はじめにお読みください

このブログの主旨です(長文失礼します)。

日本の中小製造メーカーの駐在員としてアメリカに乗り込み、その後の独立を経て早いもので25年が経過しました(*駐在員時代のエピソードや記事は「シリコンバレーからの風」でご覧ください)。

その間、ここシリコンバレーで80年代の後半からのPCブームの勃興から衰退、そしてインターネットの隆盛にともなう1998年からのITバブルのゆりかごから墓場までを肌で体験する事ができたことは自分にとって素晴らしい経験になりました。
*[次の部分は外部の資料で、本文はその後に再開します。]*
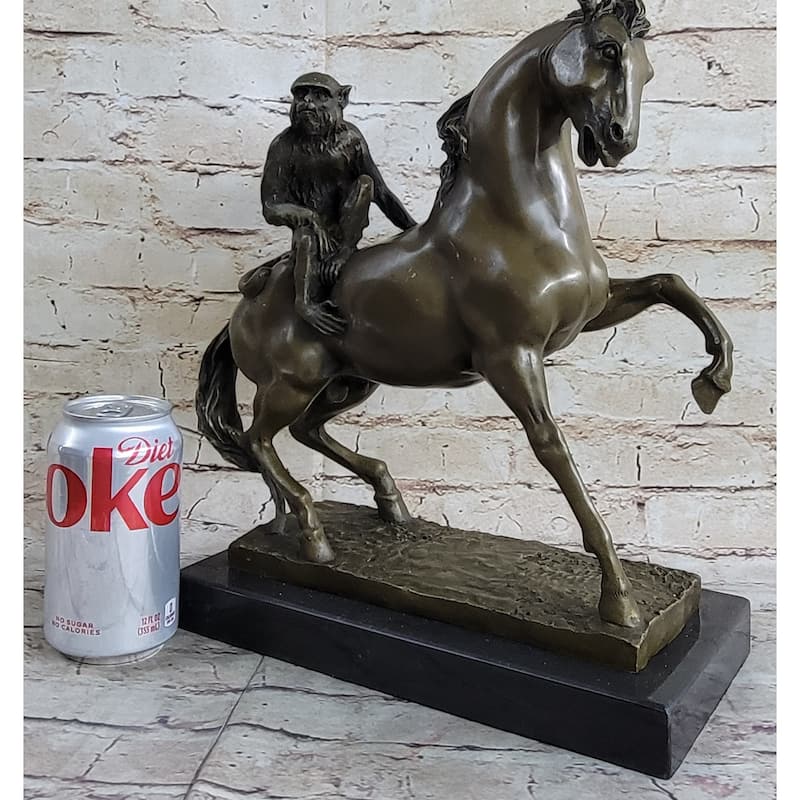 Horseback Monkey On My Back Riding Horse Bronze Statue Sculpture Figure By Milo 13 Inches X 13 Inches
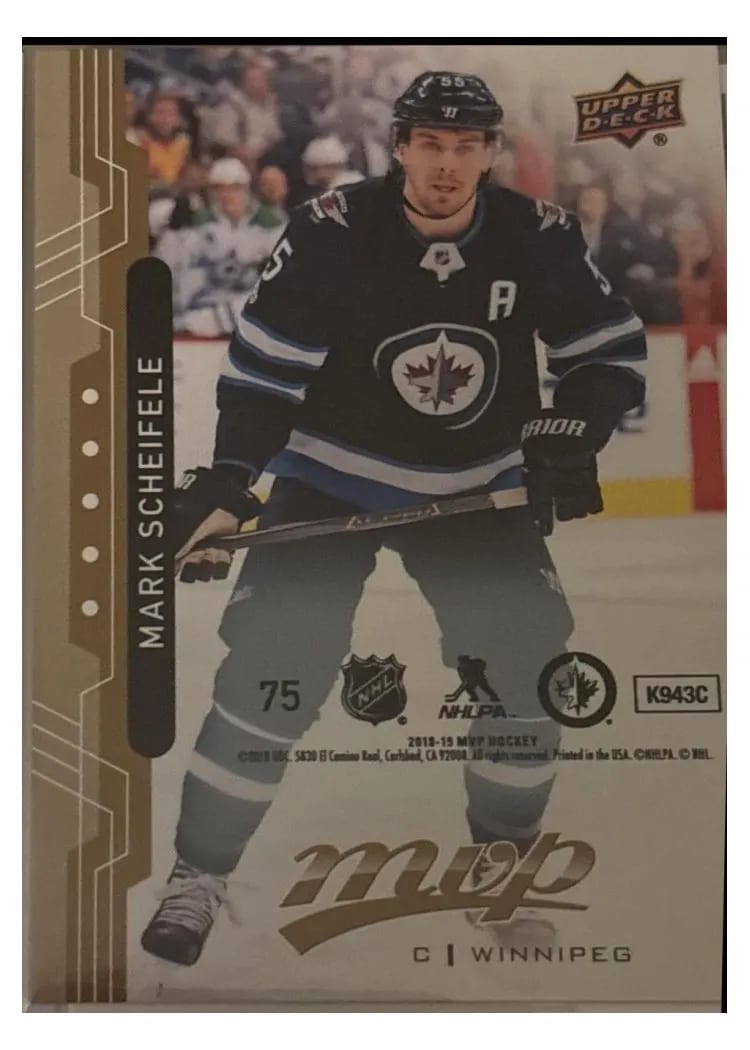 2018-19 Upper Deck MVP Base Set Mark Scheifele #75 card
その後のシリコンバレーはITバブルの崩壊からGOOGLEをはじめとする巨大IT企業の登場によって新たな創世記を迎え、APPLEの復活と大躍進、そしてSNS,SMMを中心とした第2の新しいIT潮流、加えてクラウドをはじめとした技術革新で世界のエレクトロニクス産業のトップを再び爆走しています。

そんな大きな流れの中、残念ながら衰退の一途をたどっているのが日本のコンスーマーエレクトロニクスをはじめとした”ものづくり”産業です。白物家電はもとより、かつてはアメリカ全土を席巻していたTVは、いま大きくそのシェアを韓国勢に奪われ、90年代には殆どの日系メーカーがこちらで生産していた携帯電話も今は見る影もありません。加えてこの先、電気自動車が普及していく大きな流れの中でガソリン自動車の既存のインフラで成り立っている日本は新興勢力にどのように対抗できるのか?この状況にも憂慮の気持ちを隠せません。そして電機、自動車の大手企業のバックアップを生業としていた日本の多くの中小零細企業は大手の計画に翻弄されながら、彼らの矛先の中心である東南アジア、中国に共に進出し価格競争にさいなまれたあげく需要の衰退とともに消え去ってしまうという話も非常に多く耳にします。

ところで、IT産業のメッカであるシリコンバレーには公証値ですが今だに電子電気産業を中心にそれらに携わる2,000社以上の板金加工、塗装、切削、精密加工、成型等を行う中小零細企業が存在している事はあまり知られていません。実は彼らがこの地が生み出すの革新的ハードウェアーの舞台裏で活躍しているのです。製品のプロトタイピングや量産品の基幹部品の製造、そして新規テクノロジーに呼応する柔軟性を持った彼らのアクションはまさに日本の中小零細企業と何ら違いがありません。

自分自身が日本の中小企業の出身でこの地でITの大きな潮流を製造業の分野という違った角度で見続けることができた事は、自分にとってはプラスになっているだけでなく、この地で得た多くの地場の中小零細企業との長年の付き合いを通じて彼らの生き様が、もしかすると日本が再び大手の企業の庇護に頼らずグローバル化を目指すためのヒントであるように最近強く感じるようになりました。そして今だからこそ日本の中小零細企業が生き残る選択肢の一つとして、流れの下流であるアジアを中心とした量産エリアではなく、まず源流である世界の超一流メーカーの集結する、このシリコンバレーに新規で切り込む事が真のグローバル化につながる可能性を秘めているのではないかとの結論に至った次第です。
特にこれからは、GOOGLEやAMAZON, FACEBOOKなど大手IT企業のハードウェアでの武装化、IOTを実現する為の新規通信ネットワークに対応する新しい通信システムや関連半導体の開発とその製造プロセスの革新、クラウド化に伴う大規模データセンター製造開発の可能性、そしてモーターやバッテリー、スマートグリッドに関連するグリーンテック系の開発製造等々、世界のリーダーとしてのこの地の役割はハードウェアの分野でも益々、重要になってくる事と思います。
そんな中で、私は今年(2011年)からシリコンバレーに居る自分の役割として今まで継続してきたBLOG「ビーンズ社長のマメに働いています」(過去ログはそのままこちらに転載しています)の、ともすれば日本の衰退ぶりに、ため息ばかり出るような気持ちの吐露ではなく、もっとPOSITIVEな思考で今の現状を考える事にしました。そして、このシリコンバレーで、今までの経験に基づき日本では既に過去のものとなりつつある”ものづくり”という視点で、上記の状況や最新情報、この地で考えた事をランダムに発信していきます。その内容が模索を続ける日本の中小零細企業の新たな活路として、復活とグローバル化にほんの少しでも役に立ち、円高、生産コスト高いう負の要因にも打ち勝つ企業が1社でも多くアメリカで成功を収める事を願いながら力ある限り継続していきたいと考えています。

お時間のあるときにぜひご笑読ください。また率直なご意見等お聞かせいただけると嬉しいです。
よろしくお願い致します。

*上記内容は、このブログを始めた2011年当時の状況を踏まえて執筆しましたので、
トレンド内容は多少、古いですが主旨(ミッション)は未だに代わっておりません。